Careful Words

swallow (n.)

swallow (v.)

  Blind guides, which strain at a gnat, and swallow a camel.

New Testament: Matthew xxiii. 24.

  To blow and swallow at the same moment is not easy.

Plautus (254(?)-184 b c): Mostellaria. Act iii. Sc. 2, 104. (791.)

  As the bird by wandering, as the swallow by flying, so the curse causeless shall not come.

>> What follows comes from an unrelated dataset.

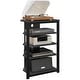 preview thumbnail 2 of 7, HOMCOM Media Stand with LED 4-Tier Audio Rack AV Media Corner Shelf with Cable Management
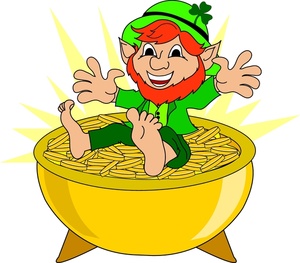 Leprechaun Clipart Image - Leprechaun Sitting on a Pot of Gold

Old Testament: Proverbs xxvi. 2.

One swallow maketh not summer.

John Heywood (Circa 1565): Proverbes. Part ii. Chap. v.

O Proserpina,

For the flowers now, that frighted thou let'st fall

From Dis's waggon! daffodils,

That come before the swallow dares, and take

The winds of March with beauty; violets dim,

But sweeter than the lids of Juno's eyes

Or Cytherea's breath; pale primroses,

That die unmarried, ere they can behold

Bright Phoebus in his strength,—a malady

Most incident to maids; bold oxlips and

The crown imperial; lilies of all kinds,

The flower-de-luce being one.

William Shakespeare (1564-1616): The Winter's Tale. Act iv. Sc. 4.

Short swallow-flights of song, that dip

Their wings in tears, and skim away.

Alfred Tennyson (1809-1892): In Memoriam. xlviii. Stanza 4.